Page 1 of 1

error with AMOEBA simulation

Posted: Tue Mar 07, 2023 8:04 am
by dkonstan
Hi OpenMM,

I am trying to run an AMOEBA simulation of a rather large system (81,000 atoms or so). I minimized and equilibrated the solvent just fine, then did more minimizations and that was fine too. But during the temperature annealing / heating step it first of all runs WAY too long for the amount of integration time and then four days in it crashes with the following error: openmm.OpenMMException: Error invoking kernel: CUDA_ERROR_ILLEGAL_ADDRESS (700). The whole traceback is below. I'm not sure what to do. Is the system just too big for the GPU memory perhaps with this force field?

Traceback (most recent call last):
File "/home/dk758/project/myTools/MD/eq_md_amoeba_full.py", line 384, in <module>
heat("min.pdb", "heat.pdb")
File "/home/dk758/project/myTools/MD/eq_md_amoeba_full.py", line 265, in heat
sim.step(1)
File "/gpfs/gibbs/project/hammes_schiffer/dk758/conda_envs/sfg/lib/python3.9/site-packages/openmm/app/simulation.py", line 134, in step
self._simulate(endStep=self.currentStep+steps)
File "/gpfs/gibbs/project/hammes_schiffer/dk758/conda_envs/sfg/lib/python3.9/site-packages/openmm/app/simulation.py", line 204, in _simulate
self.integrator.step(stepsToGo)
File "/gpfs/gibbs/project/hammes_schiffer/dk758/conda_envs/sfg/lib/python3.9/site-packages/openmm/openmm.py", line 8405, in step
return _openmm.LangevinIntegrator_step(self, steps)
openmm.OpenMMException: Error invoking kernel: CUDA_ERROR_ILLEGAL_ADDRESS (700)
terminate called after throwing an instance of 'OpenMM::OpenMMException'
what(): Error deleting array param1: CUDA_ERROR_ILLEGAL_ADDRESS (700)
/var/spool/slurmd/job16345443/slurm_script: line 24: 31261 Aborted ${SCRIPT} Ab_1.pdb /home/dk758/palmer_scratch/Ab_1_amoeba_10ns_dt3fs.ncdf 10000

Re: error with AMOEBA simulation

Posted: Tue Mar 07, 2023 9:48 am
by peastman
it first of all runs WAY too long for the amount of integration time
How many steps did it integrate before crashing?
Is the system just too big for the GPU memory perhaps with this force field?
That's possible. You can use nvidia-smi to check how much memory it's using, and how that compares to the total amount in your GPU. It also tells you the GPU utilitization, so you can tell whether it's actually computing anything. And while you're at it, I would use top to check the CPU utilization and host memory use. That will give you some sense of what's going on.

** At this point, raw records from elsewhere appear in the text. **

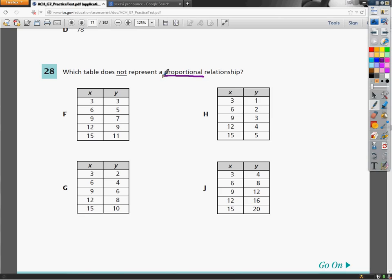There's proportion again. Anything that starts with a P that's not product generally means I'm going to set up a fraction or division. So what I'm going to do is look to make little fractions with the Y's and the X's and see if they're all the same all the way down the line. If they are, it's a proportional relationship.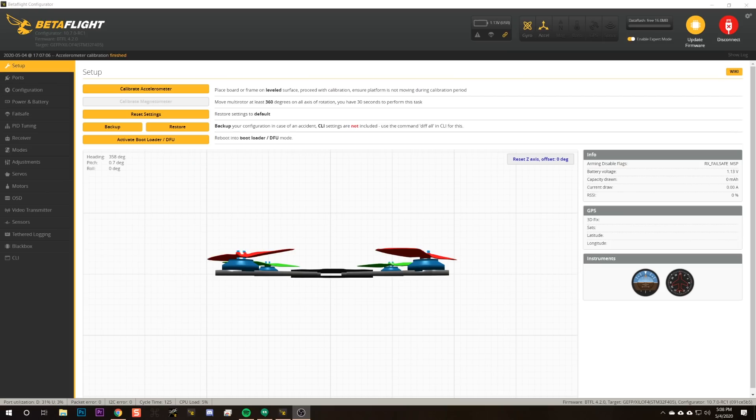This is the video that nobody asked for, but every so often somebody asks me about this topic. So as usual, I'm going to make a video about it so I never have to answer it again. The question has to do with this button. In the Betaflight Setup tab, what does the Reset Z-axis button do? I'm Joshua Bardwell, and you're going to learn something today.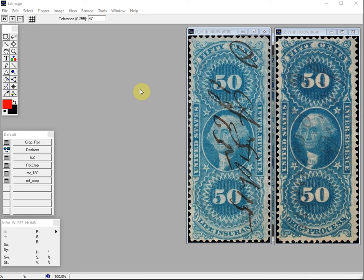We've had many recent requests on how to use the scripting functions in Easy Image. As more and more people are buying and selling stamps on platforms like eBay, Hipstamp, Delcamp and others, it becomes more and more important to use your time efficiently.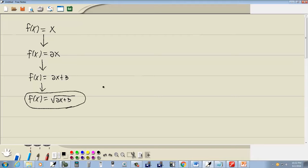Now that's our function. Now for our domain. When we have a radical with an even index, you take what's underneath the radical and set it greater than or equal to zero and solve. Because you cannot have a negative number inside of a radical with an even index.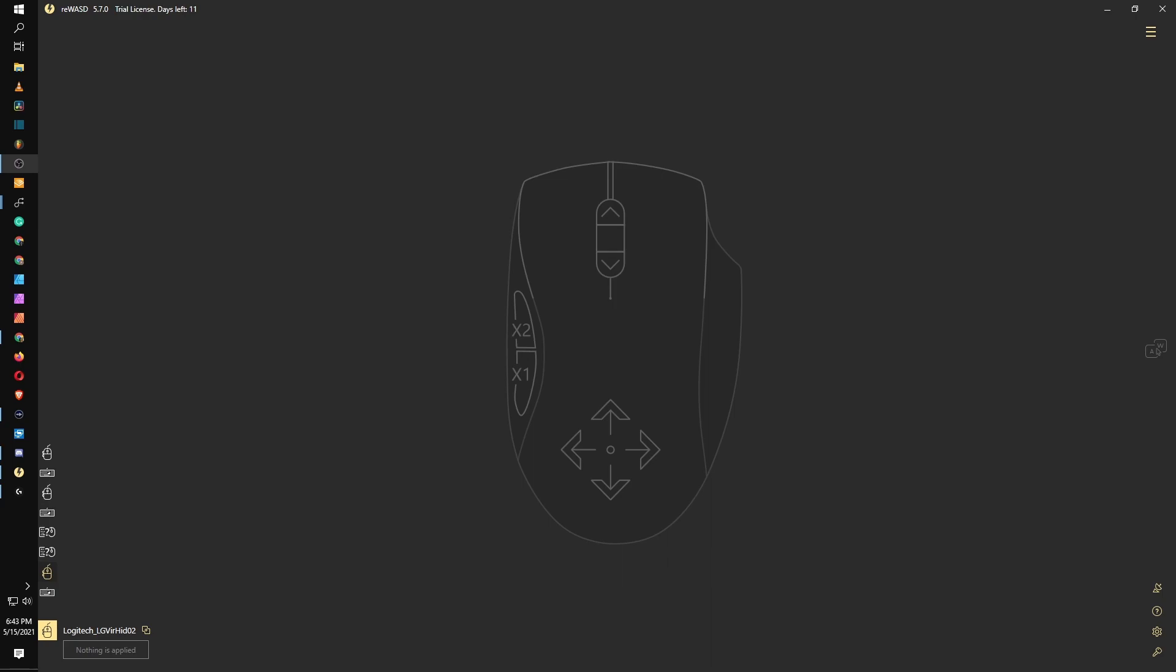So this is Rewasd. Currently on the trial version, it has a 14-day trial. The application I believe is only five or seven dollars. I'll have the link in the description.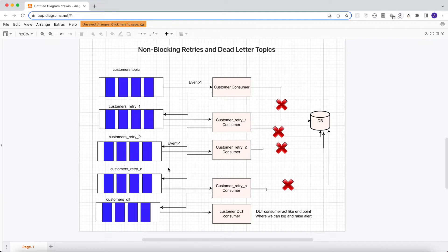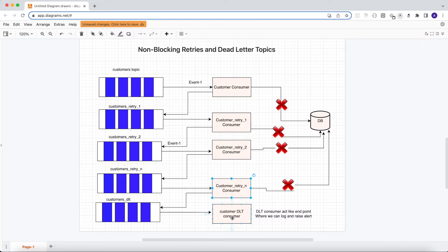In the case of four retries, if the application has retried four times and the last consumer again fails to process that event, that consumer posts the event to the DLT topic — the Dead Letter Topic. This is the end of that chain. We can listen to that topic, log errors, raise alerts, and signal that this is an event we failed to process and need help. Spring Boot also has a default DLT handler that logs whatever event is inside customers_dlt.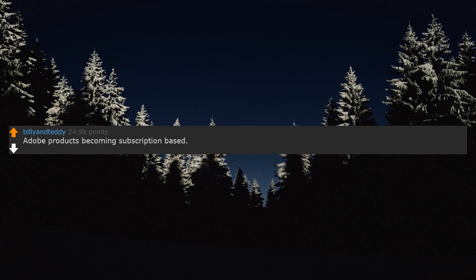Adobe products becoming subscription based. I want to just pay once for Adobe Photoshop, not every single month.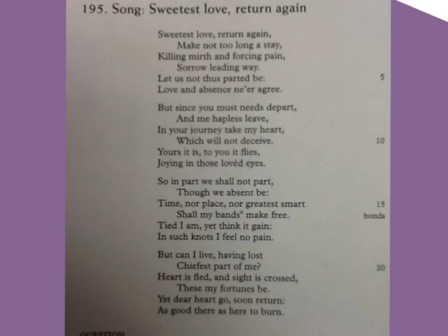Yours it is, to you it flies, joying in those loved eyes. So in part we shall not part, though we absent be. Time nor place, nor greatest smart shall my bands make free.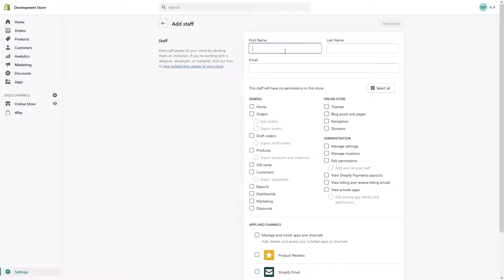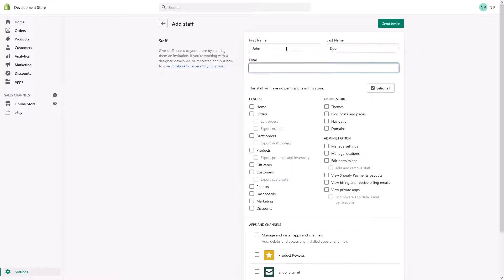Then you basically have to add their staff name, last name and email. So let's go for John Doe, email John Doe at example.com or something, whatever their email is.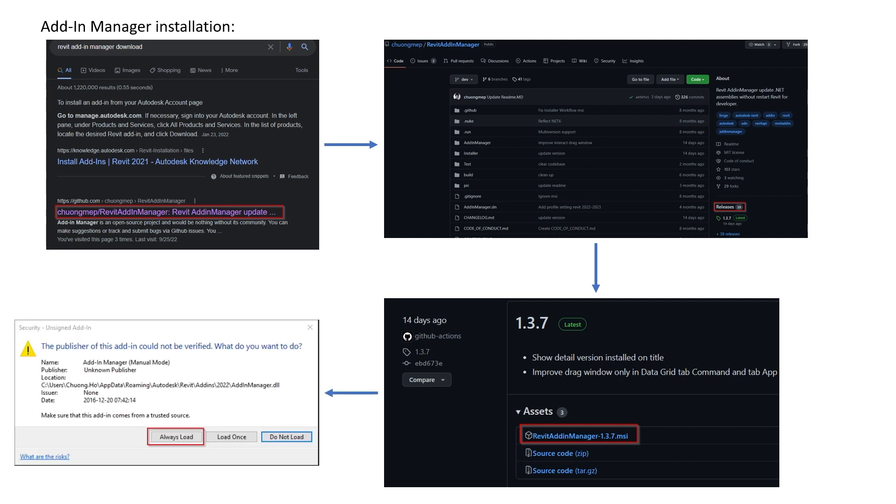you'll be prompted with this message when you boot up Revit. In this case, you can click on 'Always Load' because these are the plugins we'll be using all the time. That's it for this lesson.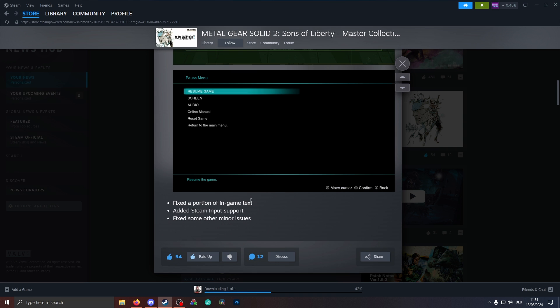Other than that, they fixed a portion of in-game text, added Steam input support, and some other minor issues.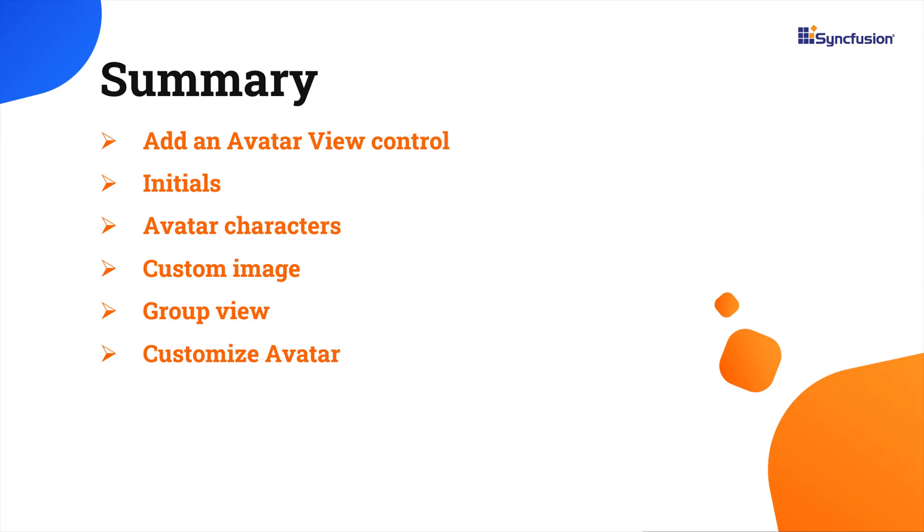You can download this working example from the GitHub link in the description below. I've also shared a link where you can see if you're eligible for our community license, giving you a free license key to use our .NET MAUI products.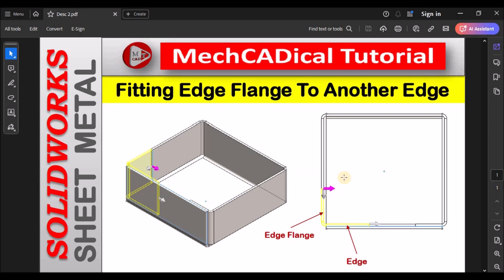This is a brief about fitting edge flange to another edge. Thanks for watching.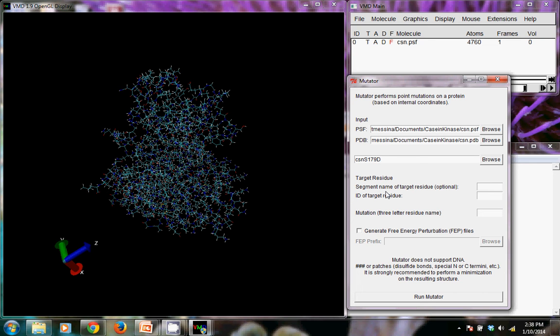But as I say, I'll show you how to actually do a phosphoserine mutation in a future video. Okay, so the target residue is the next thing here.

Re: error with AMOEBA simulation

Posted: Fri Mar 10, 2023 7:45 am
by dkonstan
It says GPU util is 98-100% and the memory usage is only 343MiB / 8192MiB. The cpu memory usage from top is 0.3% (negligible). It runs for 1000s or even 10000s of steps before suddenly crashing. It's definitely integrating I made sure of that. Do you have any idea what could be causing the problem in this case?

Re: error with AMOEBA simulation

Posted: Tue Mar 14, 2023 11:18 am
by peastman
Memory space is clearly not the problem. That error probably indicates data corruption of some sort. It's basically a segfault on the GPU. It's hard to guess at the cause. Is this problem reproducible, or did it only happen once? Try rebooting and then run the simulation again.
it first of all runs WAY too long for the amount of integration time
Is that because each time step is too slow, or did it start out running at a normal rate and then hang?

Re: error with AMOEBA simulation

Posted: Mon Mar 20, 2023 4:24 pm
by dkonstan
It crashes every time (this is the third or fourth time today). It's a heating / annealing step. It crashes at 170 K for some reason. I think it crashes at different times for different runs. Could it be an AMOEBA implementation bug?

Re: error with AMOEBA simulation

Posted: Mon Mar 20, 2023 5:23 pm
by peastman
It's hard to speculate about the cause. Can you post all the files needed to reproduce it?

Re: error with AMOEBA simulation

Posted: Thu Mar 23, 2023 9:32 am
by dkonstan
I've determined the (proximal) cause to be blowing up of the simulation (the coordinates eventually go wild spontaneously whether I do NPT, NVT, or NPT heating). I don't know what causes it. I am starting from a minimized structure. I tried to attach the pdb and script but it wouldn't let me. Is there another way I could send the files?

Re: error with AMOEBA simulation

Posted: Thu Mar 23, 2023 10:09 am
by peastman
The FAQ has advice on debugging simulations that blow up. It might be useful here.

How about opening an issue on Github for this problem and attaching the files there?